The Consult II is a special Nissan reader/programmer from what I understand and at $2500+ , it might be hard to find a shop that has one.


----------



## nak1 (May 17, 2002)

i see.... just a thought. i am going to call my dealership and see if they do it.


----------



## Slurppie (Oct 15, 2002)

nak1 said:


> *i see.... just a thought. i am going to call my dealership and see if they do it. *


FYI, due to lack of training most dealerships will explain that this cannot be done or that it will void the warranty which is total BS.


----------



## ALTYHOLIC (Oct 19, 2002)

nak1 said:


> *you dont need to go anywhere to get your timing advanced.

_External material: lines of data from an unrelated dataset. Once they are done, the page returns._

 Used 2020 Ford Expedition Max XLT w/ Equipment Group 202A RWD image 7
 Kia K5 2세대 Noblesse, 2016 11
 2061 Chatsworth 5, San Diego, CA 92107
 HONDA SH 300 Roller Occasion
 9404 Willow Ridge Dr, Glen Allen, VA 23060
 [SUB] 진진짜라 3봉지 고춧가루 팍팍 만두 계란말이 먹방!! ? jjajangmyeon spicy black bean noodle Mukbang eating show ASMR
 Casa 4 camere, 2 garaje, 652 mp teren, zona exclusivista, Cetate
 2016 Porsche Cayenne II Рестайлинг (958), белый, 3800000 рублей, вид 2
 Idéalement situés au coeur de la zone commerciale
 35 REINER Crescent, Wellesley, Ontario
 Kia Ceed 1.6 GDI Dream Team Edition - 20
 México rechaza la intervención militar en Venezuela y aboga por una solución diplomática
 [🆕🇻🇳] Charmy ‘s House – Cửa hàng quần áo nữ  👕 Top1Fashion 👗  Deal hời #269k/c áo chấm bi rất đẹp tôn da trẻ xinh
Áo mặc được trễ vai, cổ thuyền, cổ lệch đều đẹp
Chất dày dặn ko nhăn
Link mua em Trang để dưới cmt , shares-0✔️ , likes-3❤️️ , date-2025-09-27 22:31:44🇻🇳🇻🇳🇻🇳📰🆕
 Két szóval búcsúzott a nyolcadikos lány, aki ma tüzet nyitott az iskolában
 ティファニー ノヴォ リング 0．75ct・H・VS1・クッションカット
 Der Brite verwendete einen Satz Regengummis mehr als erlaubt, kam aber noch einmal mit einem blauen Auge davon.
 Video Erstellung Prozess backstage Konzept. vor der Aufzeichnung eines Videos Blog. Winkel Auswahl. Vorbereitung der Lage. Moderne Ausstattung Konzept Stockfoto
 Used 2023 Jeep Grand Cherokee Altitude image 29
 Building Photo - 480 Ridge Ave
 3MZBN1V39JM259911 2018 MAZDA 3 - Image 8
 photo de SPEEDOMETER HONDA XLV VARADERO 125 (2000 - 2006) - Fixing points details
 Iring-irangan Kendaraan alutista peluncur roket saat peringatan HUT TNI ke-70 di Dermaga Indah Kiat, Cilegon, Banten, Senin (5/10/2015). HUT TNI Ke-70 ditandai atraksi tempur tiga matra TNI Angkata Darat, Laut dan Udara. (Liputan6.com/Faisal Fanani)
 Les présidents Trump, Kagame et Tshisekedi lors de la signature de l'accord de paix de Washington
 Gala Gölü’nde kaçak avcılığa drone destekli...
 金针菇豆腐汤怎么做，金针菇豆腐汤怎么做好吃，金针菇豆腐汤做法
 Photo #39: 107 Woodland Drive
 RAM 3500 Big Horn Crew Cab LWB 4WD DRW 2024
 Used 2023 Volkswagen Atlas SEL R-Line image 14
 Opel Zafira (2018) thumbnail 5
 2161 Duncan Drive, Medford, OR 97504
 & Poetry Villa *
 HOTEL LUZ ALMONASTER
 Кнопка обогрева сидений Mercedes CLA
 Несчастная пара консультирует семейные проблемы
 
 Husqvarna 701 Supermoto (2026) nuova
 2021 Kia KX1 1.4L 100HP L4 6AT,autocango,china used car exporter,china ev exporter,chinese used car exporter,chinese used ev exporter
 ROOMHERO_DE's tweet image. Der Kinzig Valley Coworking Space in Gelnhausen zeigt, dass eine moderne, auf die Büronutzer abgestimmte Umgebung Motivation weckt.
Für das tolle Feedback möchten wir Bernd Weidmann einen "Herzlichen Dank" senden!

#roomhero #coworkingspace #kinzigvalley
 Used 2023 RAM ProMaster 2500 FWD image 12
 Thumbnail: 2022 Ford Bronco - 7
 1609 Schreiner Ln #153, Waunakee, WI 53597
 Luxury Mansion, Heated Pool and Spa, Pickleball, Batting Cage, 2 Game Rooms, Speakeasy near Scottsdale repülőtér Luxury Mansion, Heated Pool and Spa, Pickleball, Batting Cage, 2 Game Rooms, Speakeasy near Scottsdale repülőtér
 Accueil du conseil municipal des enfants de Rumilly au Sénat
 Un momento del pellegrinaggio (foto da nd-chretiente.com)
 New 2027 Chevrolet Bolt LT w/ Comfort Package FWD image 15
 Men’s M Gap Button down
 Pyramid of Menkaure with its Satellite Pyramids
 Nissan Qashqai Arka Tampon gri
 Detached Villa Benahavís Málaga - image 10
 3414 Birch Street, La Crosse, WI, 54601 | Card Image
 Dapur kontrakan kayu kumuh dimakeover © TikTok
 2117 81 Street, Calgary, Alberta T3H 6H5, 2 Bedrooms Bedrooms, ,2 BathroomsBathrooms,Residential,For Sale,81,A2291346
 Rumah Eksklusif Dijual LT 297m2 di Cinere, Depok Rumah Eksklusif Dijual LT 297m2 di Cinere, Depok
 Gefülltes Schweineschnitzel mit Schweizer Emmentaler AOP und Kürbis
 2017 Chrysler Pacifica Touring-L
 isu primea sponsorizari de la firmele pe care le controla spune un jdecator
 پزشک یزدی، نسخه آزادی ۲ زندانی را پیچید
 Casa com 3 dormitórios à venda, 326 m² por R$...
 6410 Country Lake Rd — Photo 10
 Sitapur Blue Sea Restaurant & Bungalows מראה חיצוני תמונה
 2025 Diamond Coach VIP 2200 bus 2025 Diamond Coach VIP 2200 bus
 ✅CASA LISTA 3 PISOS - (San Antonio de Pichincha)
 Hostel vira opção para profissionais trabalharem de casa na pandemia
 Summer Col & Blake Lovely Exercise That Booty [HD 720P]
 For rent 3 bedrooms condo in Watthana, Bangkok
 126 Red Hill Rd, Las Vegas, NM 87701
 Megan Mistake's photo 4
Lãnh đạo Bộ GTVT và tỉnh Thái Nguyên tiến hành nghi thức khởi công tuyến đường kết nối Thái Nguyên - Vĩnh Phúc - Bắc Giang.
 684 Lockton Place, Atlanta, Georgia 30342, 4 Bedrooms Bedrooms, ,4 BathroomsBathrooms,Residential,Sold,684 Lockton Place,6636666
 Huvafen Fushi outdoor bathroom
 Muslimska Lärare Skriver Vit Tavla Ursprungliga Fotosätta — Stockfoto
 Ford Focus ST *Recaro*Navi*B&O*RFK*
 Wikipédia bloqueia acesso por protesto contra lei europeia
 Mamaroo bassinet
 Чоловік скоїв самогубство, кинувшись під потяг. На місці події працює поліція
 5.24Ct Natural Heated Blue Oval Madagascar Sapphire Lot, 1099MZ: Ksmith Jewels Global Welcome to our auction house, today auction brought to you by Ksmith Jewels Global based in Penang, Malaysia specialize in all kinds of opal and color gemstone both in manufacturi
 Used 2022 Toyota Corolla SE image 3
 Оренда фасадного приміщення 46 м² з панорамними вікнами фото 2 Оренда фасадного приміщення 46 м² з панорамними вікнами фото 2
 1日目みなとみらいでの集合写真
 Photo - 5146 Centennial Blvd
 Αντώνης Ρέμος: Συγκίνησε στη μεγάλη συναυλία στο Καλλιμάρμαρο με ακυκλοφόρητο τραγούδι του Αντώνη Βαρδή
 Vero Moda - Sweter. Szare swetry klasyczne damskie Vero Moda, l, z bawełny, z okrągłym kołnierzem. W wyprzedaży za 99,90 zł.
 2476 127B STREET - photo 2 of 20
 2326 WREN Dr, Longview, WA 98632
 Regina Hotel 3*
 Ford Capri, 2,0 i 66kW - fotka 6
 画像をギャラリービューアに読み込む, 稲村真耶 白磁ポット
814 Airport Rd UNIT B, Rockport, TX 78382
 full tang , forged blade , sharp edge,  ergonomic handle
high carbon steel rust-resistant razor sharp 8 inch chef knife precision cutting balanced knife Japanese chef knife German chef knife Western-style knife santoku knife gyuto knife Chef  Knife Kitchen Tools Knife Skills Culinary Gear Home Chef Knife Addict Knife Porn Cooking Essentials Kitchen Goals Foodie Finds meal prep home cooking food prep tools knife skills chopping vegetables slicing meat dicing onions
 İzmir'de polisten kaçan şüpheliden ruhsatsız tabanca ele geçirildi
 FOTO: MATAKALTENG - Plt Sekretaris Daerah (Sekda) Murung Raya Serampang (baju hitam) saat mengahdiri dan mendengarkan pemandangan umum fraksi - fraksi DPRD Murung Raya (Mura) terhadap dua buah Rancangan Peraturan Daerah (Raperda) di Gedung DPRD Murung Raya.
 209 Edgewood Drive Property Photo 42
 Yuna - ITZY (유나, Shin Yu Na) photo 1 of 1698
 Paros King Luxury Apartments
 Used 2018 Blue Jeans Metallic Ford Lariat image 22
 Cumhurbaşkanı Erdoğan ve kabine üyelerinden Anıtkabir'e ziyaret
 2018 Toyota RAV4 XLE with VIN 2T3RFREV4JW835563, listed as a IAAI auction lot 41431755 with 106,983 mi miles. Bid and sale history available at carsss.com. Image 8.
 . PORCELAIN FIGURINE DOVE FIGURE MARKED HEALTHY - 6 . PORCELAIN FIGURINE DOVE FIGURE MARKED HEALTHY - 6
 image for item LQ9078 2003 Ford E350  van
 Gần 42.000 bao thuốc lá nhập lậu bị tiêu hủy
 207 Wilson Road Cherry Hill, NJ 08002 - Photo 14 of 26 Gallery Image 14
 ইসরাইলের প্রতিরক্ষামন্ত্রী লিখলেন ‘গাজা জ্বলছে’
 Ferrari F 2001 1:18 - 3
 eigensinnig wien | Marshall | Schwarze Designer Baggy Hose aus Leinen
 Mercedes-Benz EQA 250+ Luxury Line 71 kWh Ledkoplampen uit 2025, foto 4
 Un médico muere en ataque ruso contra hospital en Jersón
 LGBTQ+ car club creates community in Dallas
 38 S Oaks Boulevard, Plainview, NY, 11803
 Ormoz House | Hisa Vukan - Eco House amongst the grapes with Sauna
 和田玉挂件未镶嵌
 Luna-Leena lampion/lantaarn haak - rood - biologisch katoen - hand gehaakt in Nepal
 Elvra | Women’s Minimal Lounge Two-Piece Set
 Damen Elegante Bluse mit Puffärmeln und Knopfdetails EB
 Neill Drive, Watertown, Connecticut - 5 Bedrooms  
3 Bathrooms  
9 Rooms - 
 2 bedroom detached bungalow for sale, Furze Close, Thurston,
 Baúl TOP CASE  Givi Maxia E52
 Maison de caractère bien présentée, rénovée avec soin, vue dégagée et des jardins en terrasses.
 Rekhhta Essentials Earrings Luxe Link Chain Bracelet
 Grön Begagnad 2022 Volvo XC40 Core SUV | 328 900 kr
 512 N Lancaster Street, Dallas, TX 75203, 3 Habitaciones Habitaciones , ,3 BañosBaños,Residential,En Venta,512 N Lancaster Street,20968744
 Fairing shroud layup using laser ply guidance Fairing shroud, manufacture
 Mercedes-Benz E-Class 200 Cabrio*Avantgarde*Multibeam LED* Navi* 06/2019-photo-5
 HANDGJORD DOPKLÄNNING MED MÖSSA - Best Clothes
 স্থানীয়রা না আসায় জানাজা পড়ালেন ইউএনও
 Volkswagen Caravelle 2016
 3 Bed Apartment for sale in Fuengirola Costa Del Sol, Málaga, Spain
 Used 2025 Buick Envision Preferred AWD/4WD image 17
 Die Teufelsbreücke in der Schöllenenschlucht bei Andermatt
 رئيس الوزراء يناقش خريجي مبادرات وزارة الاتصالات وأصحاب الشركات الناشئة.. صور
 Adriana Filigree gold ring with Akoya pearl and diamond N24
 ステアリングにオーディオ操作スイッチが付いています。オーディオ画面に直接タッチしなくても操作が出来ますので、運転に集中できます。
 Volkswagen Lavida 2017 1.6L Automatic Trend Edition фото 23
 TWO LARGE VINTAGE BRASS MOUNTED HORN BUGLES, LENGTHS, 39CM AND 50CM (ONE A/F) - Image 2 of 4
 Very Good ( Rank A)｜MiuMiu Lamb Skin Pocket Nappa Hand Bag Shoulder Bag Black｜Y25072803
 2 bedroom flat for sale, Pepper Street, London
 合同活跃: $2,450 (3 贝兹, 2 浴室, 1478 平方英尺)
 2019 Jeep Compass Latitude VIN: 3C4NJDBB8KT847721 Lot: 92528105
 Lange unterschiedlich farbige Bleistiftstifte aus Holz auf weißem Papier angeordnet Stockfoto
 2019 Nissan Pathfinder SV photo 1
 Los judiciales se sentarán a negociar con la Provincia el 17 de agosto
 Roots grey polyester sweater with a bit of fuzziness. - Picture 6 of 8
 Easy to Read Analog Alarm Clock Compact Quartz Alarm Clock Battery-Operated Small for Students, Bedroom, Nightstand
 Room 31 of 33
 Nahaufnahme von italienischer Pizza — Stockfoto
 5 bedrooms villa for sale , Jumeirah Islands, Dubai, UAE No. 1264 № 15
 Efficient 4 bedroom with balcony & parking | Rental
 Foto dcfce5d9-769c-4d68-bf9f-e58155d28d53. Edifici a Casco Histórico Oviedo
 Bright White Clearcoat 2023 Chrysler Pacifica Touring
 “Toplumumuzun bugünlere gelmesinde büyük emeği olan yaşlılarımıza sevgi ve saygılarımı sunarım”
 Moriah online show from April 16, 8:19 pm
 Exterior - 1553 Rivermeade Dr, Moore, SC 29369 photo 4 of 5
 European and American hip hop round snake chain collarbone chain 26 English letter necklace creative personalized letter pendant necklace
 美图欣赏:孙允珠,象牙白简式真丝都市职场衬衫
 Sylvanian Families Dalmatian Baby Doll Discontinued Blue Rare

Go to the sentra side of the house and do a search. you can do it with a little know how and a timing light. *


Yeah, you can on the older Nissan's.
That's how I did it on my '95 SE-R, however
the 02-03 Altimas are 'distributor-less.'

You have to have the Consult II for the new 
Alty's.


----------



## 01LTD (Sep 28, 2002)

ALTYHOLIC said:


> *Yeah, you can on the older Nissan's.
> That's how I did it on my '95 SE-R, however
> the 02-03 Altimas are 'distributor-less.'
> 
> ...



You can't advance the timing on the 01 Altimas. I tried to advance the timing at Courtesy Nissan and they did, but when I went back a week later just to see if it stayed, it went back to the original timing degree.


----------



## 3-fity (Nov 1, 2002)

jayman9207 said:


> *I had mine done in Austin. And I second OhTwo in saying WOW!!! It definitely makes the engine more aggressive! *


Which dealership did you get this done at? None of the dealerships in San Antonio are willing to do it.


----------



## jayman9207 (Nov 20, 2002)

alty02 said:


> *Which dealership did you get this done at? None of the dealerships in San Antonio are willing to do it. *


Believe it or not, I got it done at South Point Nissan. I had a huge blowout with their sales department (first 02 Alty I had was a Canadian lemon) and did not think I would ever take my car there again for anything, but I ended up meeting a couple of the service guys there. It cost me a lunch. I will ask the service tech guy there if he would be willing to do it for other Alty owners.


----------



## 3-fity (Nov 1, 2002)

jayman9207 said:


> *Believe it or not, I got it done at South Point Nissan. I had a huge blowout with their sales department (first 02 Alty I had was a Canadian lemon) and did not think I would ever take my car there again for anything, but I ended up meeting a couple of the service guys there. It cost me a lunch. I will ask the service tech guy there if he would be willing to do it for other Alty owners. *


Tell them I'll take them to lunch at the Showpalace. That would make the day all that much better.


----------



## AltimaFr3ak03 (Jan 3, 2003)

could i possibly ask what it actually does, im a newb at this but hell im tryin to learn


----------



## eleuthardt (Dec 12, 2002)

I got mine done in Lewisville, TX (North of Dallas) @ Bankston, North Texas in Denton will do it too. There seems to be a big debate over what the advance actually does, but the increase in mpg, and accelleration I got seems to be agreed upon by many.


----------



## Chokeu (Nov 7, 2003)

eleuthardt said:


> I got mine done in Lewisville, TX (North of Dallas) @ Bankston, North Texas in Denton will do it too. There seems to be a big debate over what the advance actually does, but the increase in mpg, and accelleration I got seems to be agreed upon by many.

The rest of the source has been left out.